Architecture - OpenAnalyst CLI Docs

Runtime Shape

OpenAnalyst is built around one shared agent runtime. The default local TUI, backend-only CLI mode, and hosted session API all drive that same core conversation loop so prompts, tool calls, and session state stay consistent.

High-level flow

User input
  -> Session runtime
  -> Model response / tool planning
  -> Tool execution
  -> Streaming events
  -> Persistent session state

Sessions

Each conversation runs inside a persistent session. A session carries the conversation history, working context, selected model, permission state, and runtime metadata needed to continue later without losing continuity.

Field	Purpose
`user_id`	Identifies the owning user or tenant
`session_id`	Stable handle for the running agent session
`conversation_id`	Tracks the conversation thread across turns and resume events
`timestamps`	Creation, update, and resume timing for persistence and auditing

Streaming Events

The hosted API streams the same kind of runtime information the TUI uses locally: assistant text deltas, tool calls, tool results, usage updates, and state transitions.

POST /sessions
POST /sessions/{id}/message
GET  /sessions/{id}/events

Hosted Sessions

The canonical remote contract is session-based, not stateless chat-completions only. That keeps tool calls, resume behavior, and conversation persistence aligned with the local CLI experience.

Tool Execution

OpenAnalyst can expose different tool surfaces depending on where it runs. Local interactive sessions can use the full workstation-aware toolset. Hosted backend sessions can be restricted to advisory or hosted-safe tools so remote callers do not gain unintended host-machine access.

Persistence

Conversation state is stored so users can resume work later, switch between local and hosted usage, and keep isolated histories per user and session. In hosted deployments, the database is the source of truth for session metadata and conversation continuity.

Deployment Modes

Mode	Behavior
`openanalyst`	Starts the default interactive TUI
`openanalyst --notui`	Runs backend-only CLI behavior without the interactive UI
`openanalyst --serve`	Exposes hosted session endpoints for remote users

Automatic Provider Failover

When a provider fails due to a rate limit, timeout, or unexpected error, the engine automatically attempts the next configured provider. This happens transparently — the caller never sees a provider-level failure unless every configured provider is exhausted.

Each provider is only attempted if its API key is configured
Retries use intelligent backoff to avoid overwhelming providers
The chain resets on the next request — a previously-failed provider is tried again
Result: automatic high availability as long as at least one provider is healthy

All 8 supported providers participate in the failover chain: OpenAnalyst, Anthropic, OpenAI, xAI, OpenRouter, Bedrock, Gemini, and Ollama (local). The engine determines the optimal order based on your configuration and availability.

Tip

Configure multiple provider keys for maximum resilience. The failover chain costs nothing when the primary provider is healthy — backup providers are only contacted on failure.

Session Isolation

Every session is fully isolated per user. The persistent store enforces strict boundaries — cross-tenant data access is impossible by design.
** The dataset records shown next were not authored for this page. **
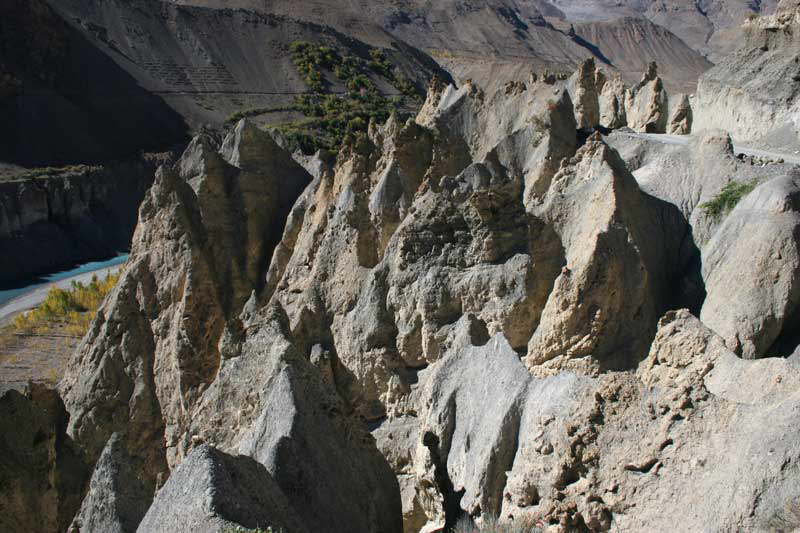 Erosionslandschaft im Spiti-Tal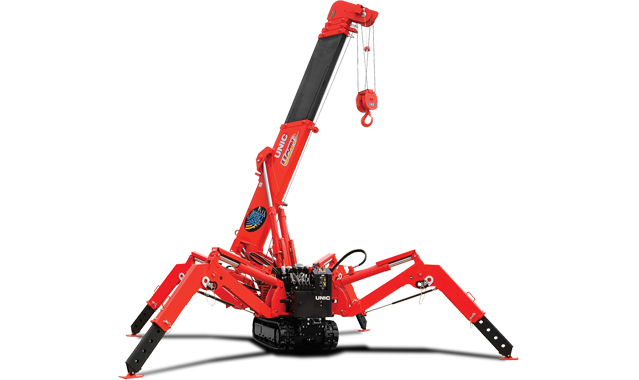 UNIC URW-245 Mini Spider Crane - For Sale or Hire in UK and Europe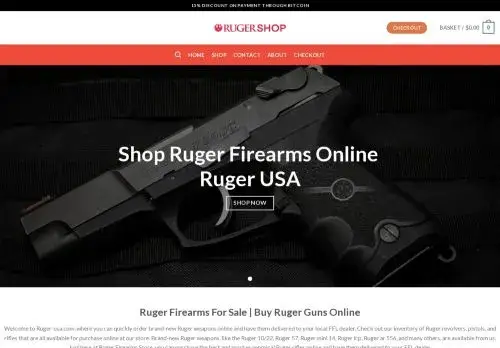 Ruger-usa.com Screenshot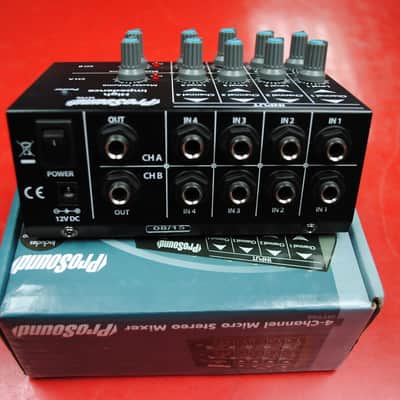 ProSound MY96 4-Channel Micro Stereo Mixer image 2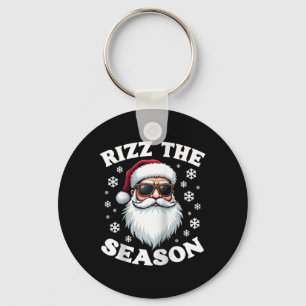 Porte-clés Rizz La Saison Drôle Noël Charme Père Noël Sil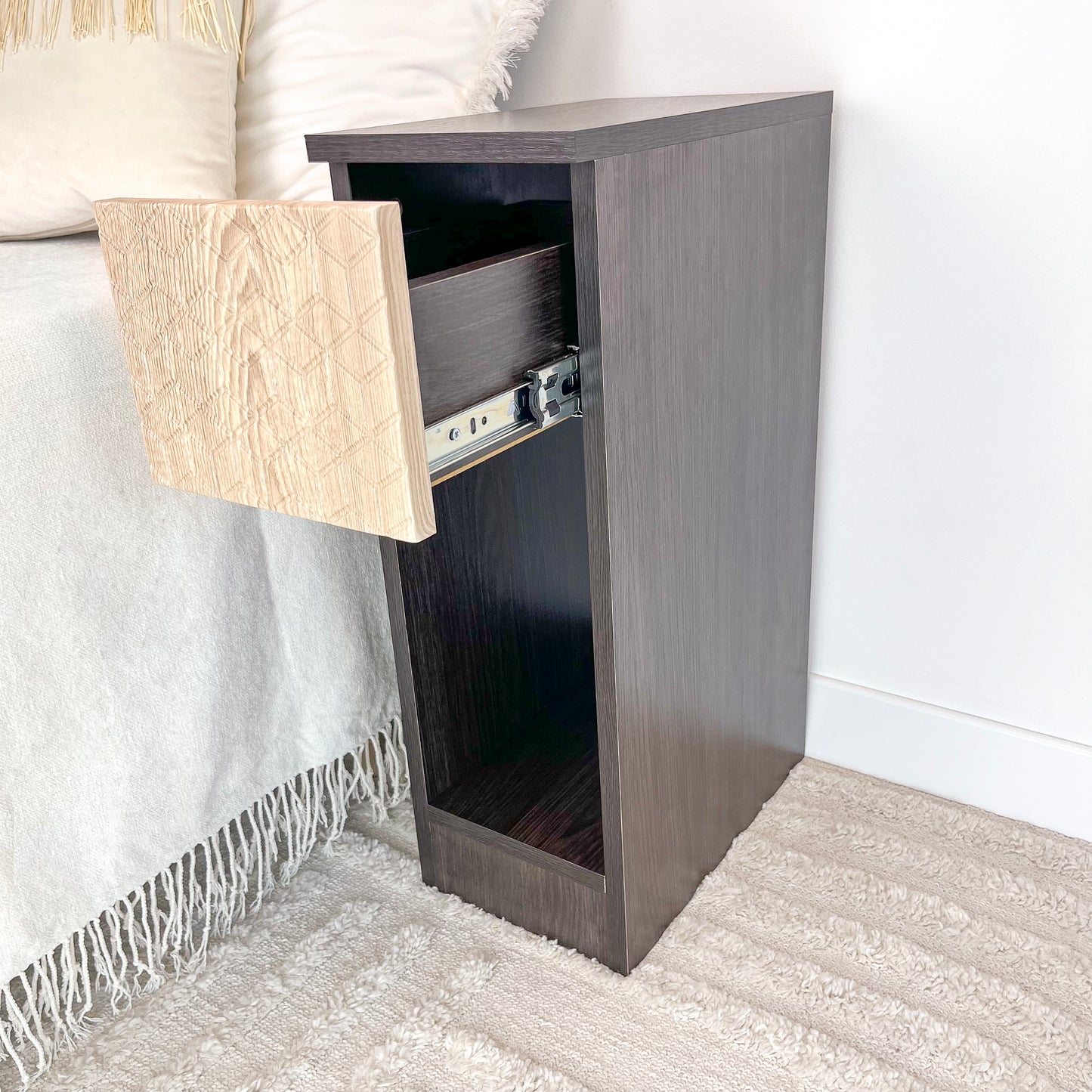 Small nightstand with storage Tall narrow dresser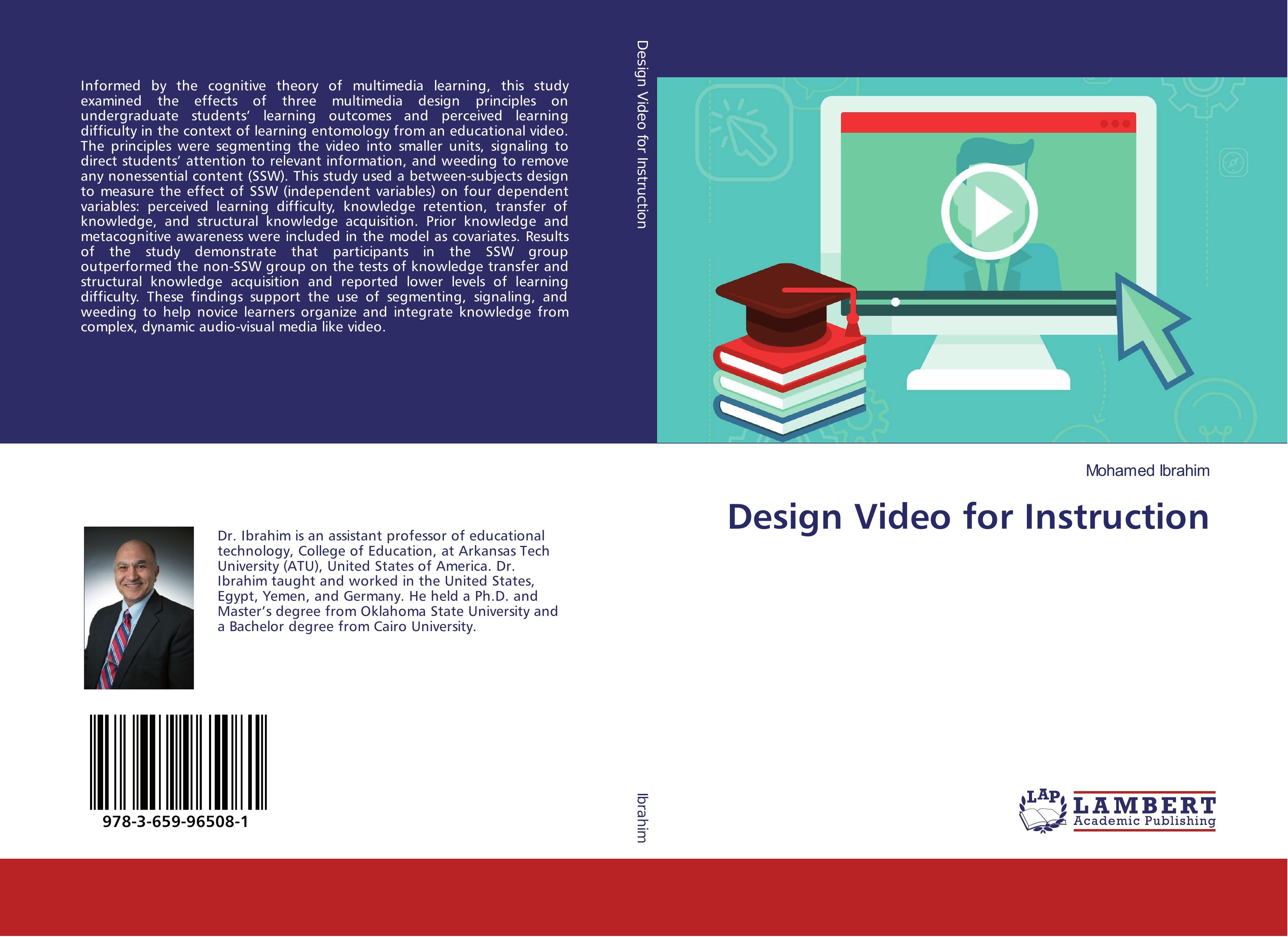 Vorderes Coverbild Design Video for Instruction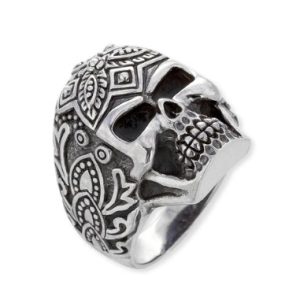 «CALAVERA» anillo acero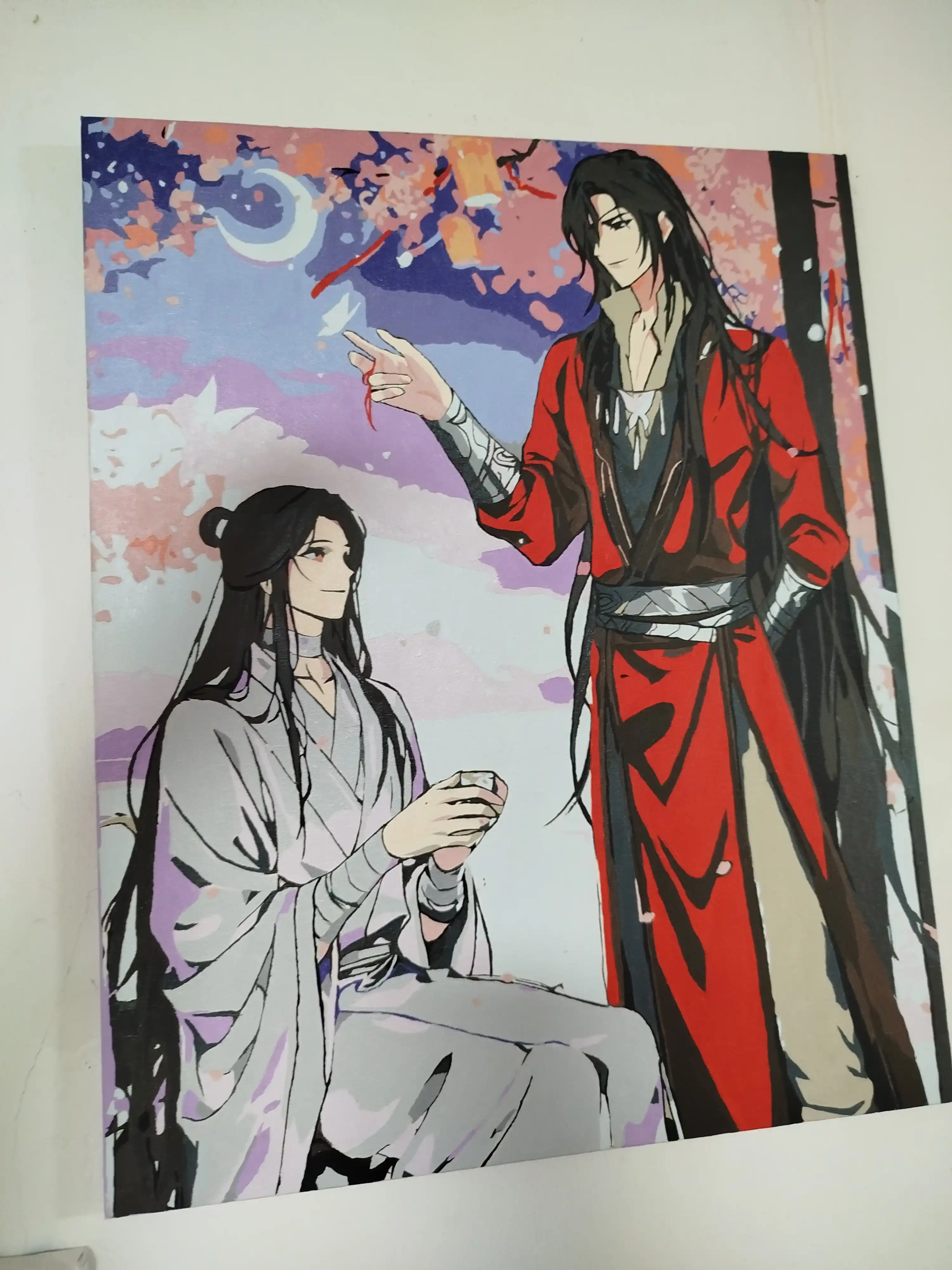 Raqamlar bo'yicha rasm chizish ARTERY "Anime" 40×50 sm, bo'yoqli holst, bo'yama to'plami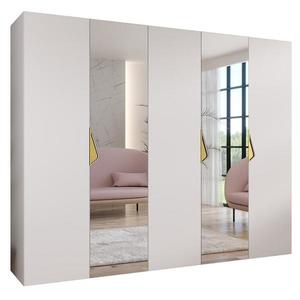 Skriňa Sandi 2-250 biela/zlatá vyobraziť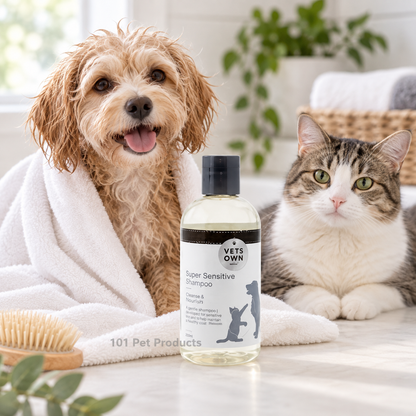 VetsOwn Super Sensitive Shampoo for Dogs & Cats (250 ml)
Per-user scoping — all data is partitioned by user identity, ensuring no tenant can see another tenant's sessions or conversations
Concurrent access — the engine handles multiple simultaneous sessions safely without data corruption
Clean deletion — removing a session automatically cleans up all related data (conversations, messages, metadata)
Duplicate protection — the engine prevents race conditions when multiple requests target the same session simultaneously

Each session carries the following information:

session_id — stable handle for the running agent session
conversation_id — tracks the conversation thread across turns and resume events
user_id — identifies the owning user or tenant
timestamps — creation, update, and resume timing
configuration — model, provider, permission mode, and runtime settings

Tenant Architecture

The server supports two tenant modes. Choose single-tenant for personal use and development, or multi-tenant when deploying for teams and enterprises.

Single-Tenant (Default)

No authentication required — all requests default to the "owner" user
One user, one server — the simplest deployment model
Tools operate in the server's working directory
Ideal for personal use, local development, and CI/CD pipelines

Multi-Tenant (Enterprise)

Pass X-Tenant-ID header on every request to identify the tenant
Each tenant gets isolated sessions, conversations, and workspace
Tenant workspaces are created at ~/.openanalyst/server/workspaces/{tenant_id}/
No authentication baked in — wrap with your own auth layer (IAM, OAuth, API gateway)
Designed so enterprises can add their own rate limiting, billing, and access control

Tenant routing

Single-Tenant:
  Client → Server (owner) → AI Engine → Tools (server CWD)

Multi-Tenant:
  Client A [X-Tenant-ID: alpha] → Server → AI Engine → Tools (workspaces/alpha/)
  Client B [X-Tenant-ID: beta]  → Server → AI Engine → Tools (workspaces/beta/)

Enterprise Deployment

Multi-tenant mode does not include authentication. Place a reverse proxy or API gateway in front of the server to handle auth, then pass the resolved tenant identity via the X-Tenant-ID header.

Sandbox Model

Tool execution is sandboxed to prevent unintended access to the host system. Every tool call runs within the boundaries of the tenant's workspace directory.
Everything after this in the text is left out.